There are a set of characteristics to assess before doing sizing:
Statement Complexity Impact¶
Statement complexity reflects the usage of complex operators like:
- Joins between multiple streams
- Windowed aggregations
- Complex analytics functions
More complex operations require additional CPU and memory resources.
Architecture Assumptions¶
- Source & Sink latency: Assumed to be minimal
- Key size: Assumed to be small (few bytes)

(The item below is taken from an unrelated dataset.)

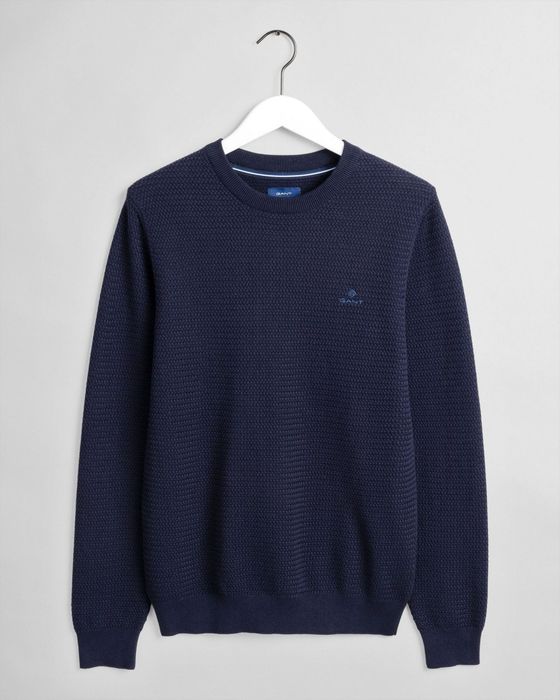 Светр GANT (оригінал)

- Minimum cluster size: 3 nodes required
- CPU limit: Maximum 8 CPU cores per Flink node
State Management & Checkpointing¶
- Working State: Kept locally in RocksDB
- Backup: State backed up to distributed storage
- Recovery: Checkpoint size affects recovery time
- Frequency: Checkpoint interval determines state capture frequency
- Aggregate state size consumes bandwidth and impacts recovery latency.
Resource Guidelines¶
Typical Flink node configuration includes:
- 4 CPU cores with 16GB memory
- Should process 20-50 MB/s of data
- Jobs with significant state benefit from more memory
Scaling Strategy: Scale vertically before horizontally
Latency Impact on Resources¶
Lower latency requirements significantly increase resource needs:
- Sub-500ms latency: +50% CPU, frequent checkpoints (10s), boosted parallelism
- Sub-1s latency: +20% CPU, extra buffering memory, 30s checkpoints
- Sub-5s latency: +10% CPU, moderate buffering, 60s checkpoints
- Relaxed latency (>5s): Standard resource allocation Stricter latency requires more frequent checkpoints for faster recovery, additional memory for buffering, and extra CPU for low-latency optimizations.
Estimation Heuristics¶
The estimator increases task managers until there are sufficient resources for:
- Expected throughput requirements
- Latency-appropriate checkpoint intervals
- Acceptable recovery times
- Handling data skew and key distribution
Important Notes
- These are estimates - always test with your actual workload
- Start with conservative estimates and adjust based on testing
- Monitor your cluster performance and tune as needed
- Consider your specific data patterns and business requirements
See this estimator project for a tool to help estimating cluster sizing.
Monitoring¶
Troubleshouting¶
Submitted query pending¶
When submitting SQL query from the Flink SQL, it is possible it goes in pending: the job manager pod is created and running, but the task manager is pending. Assess what is going on with kubectl describe pod <pod_id> -n flink
, which gives error message like insufficient cpu. Adding compute pool cpu is worse as the compute pool spec for task manager and job manager is for the default settings to create those pods.